I much prefer Autumn over the other seasons.  Spring is lovely in a vivacious energetic way.  Life burgeoning, carelessly thrusting forth in colors that make rainbows blush.  Winter is a solemn time of renewal and death.  Beneath the cold winter glare all ponder their future, taking stock of its past, planning its awakening, or giving into the great circle, releasing itself to nourish the new and gaining immortality in that instant.  Summer is a hot and invigorating time during which borders are defined and maintained, new life protected by old life.  Summer is a dramatic time of thunder storms, fire, and hail, the world beating its breast.  It is the heart of the seasons, the grind of the annual cycle.  In Fall things begin to give into the upcoming sloth, preparing for rest, winding down.  Fall too, presents vivid colors to the world, but these are marks of maturity and not the fireworks of reckless youth.

This past year has been particularly trying and exhausting for my family and I.  So many changes we have all been through, with even more likely to come - sooner rather than later.  But for now, I feel the calm of the new season wash over in the welcome embrace of an old friend.  I feel the change in the very air around me, the mornings getting crisper, the evenings turning chill.

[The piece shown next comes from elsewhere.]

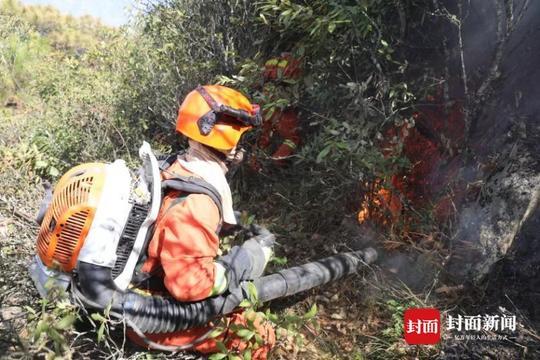 四川凉山冕宁突发森林火灾 当地正在紧急扑救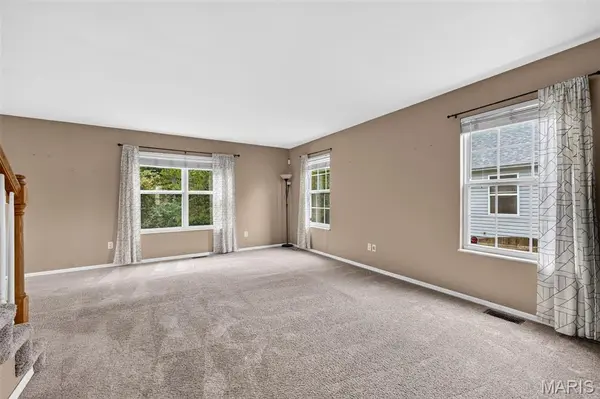 1033 Providence Pointe DR, Wentzville, MO 63385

I will begin the rituals of fall soon.  The sprinkler system will be turned off, no water needed for sleeping lawns.  I will do the final edgings and mowings for the year, primping the grass so in its rest it will not be embarrassed by errant sprigs here and there, a yard’s version of bed head.  Some raking will be done, but not much, it is a small yard with few trees.  The final weeds will be pulled in a fruitless attempt to limit their ravenous foothold in spring.  Eventually, the pilot on the fireplace will be relit for in anticipation of curling up with my wife and a book in the warmth and flickering glow granted us through the flip of a switch.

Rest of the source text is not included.